## TASK DESCRIPTION
In the material below, the lines from the one containing "Casa com 3 Quartos" through the one containing "Membuat Instagram Ads - jagoanhosting.com" are to be given again exactly, ends included, and no others.

DATA SECTION: Begin

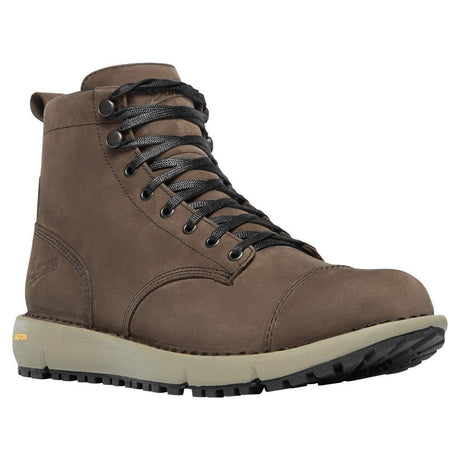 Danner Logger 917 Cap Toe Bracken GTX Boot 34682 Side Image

DATA SECTION: End
DATA SECTION: Begin

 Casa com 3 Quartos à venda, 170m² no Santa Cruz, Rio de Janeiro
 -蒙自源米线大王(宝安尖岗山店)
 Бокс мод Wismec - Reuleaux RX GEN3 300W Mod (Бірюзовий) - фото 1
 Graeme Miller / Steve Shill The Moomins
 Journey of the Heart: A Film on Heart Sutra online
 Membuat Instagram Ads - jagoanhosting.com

DATA SECTION: End

## REPLY
 Casa com 3 Quartos à venda, 170m² no Santa Cruz, Rio de Janeiro
 -蒙自源米线大王(宝安尖岗山店)
 Бокс мод Wismec - Reuleaux RX GEN3 300W Mod (Бірюзовий) - фото 1
 Graeme Miller / Steve Shill The Moomins
 Journey of the Heart: A Film on Heart Sutra online
 Membuat Instagram Ads - jagoanhosting.com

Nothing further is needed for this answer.